• _Records shown_:
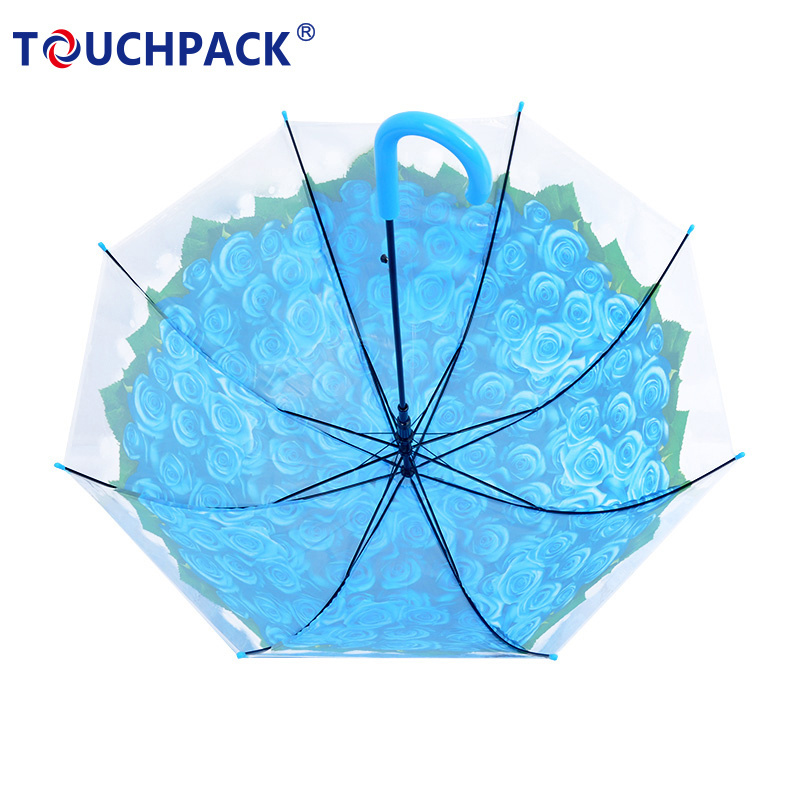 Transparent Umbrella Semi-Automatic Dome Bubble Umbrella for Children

---

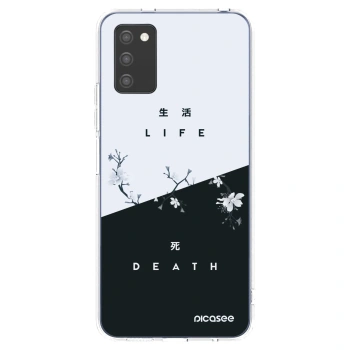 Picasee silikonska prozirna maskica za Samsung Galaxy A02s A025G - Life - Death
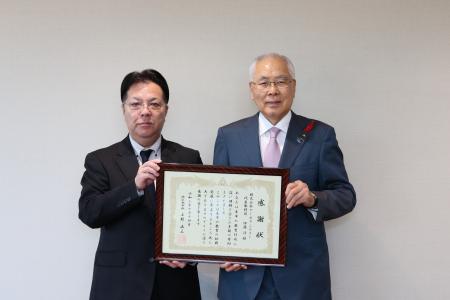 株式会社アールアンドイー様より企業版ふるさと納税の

• _Instructions for the task_: The line holding "Picasee silikonska prozirna" starts the copy and the line holding "株式会社アールアンドイー様より企業版ふるさと納税の" ends it. Repeat those two lines above and all between them exactly, leaving out pictures.

• _Answer for the task_:
 Picasee silikonska prozirna maskica za Samsung Galaxy A02s A025G - Life - Death
 株式会社アールアンドイー様より企業版ふるさと納税の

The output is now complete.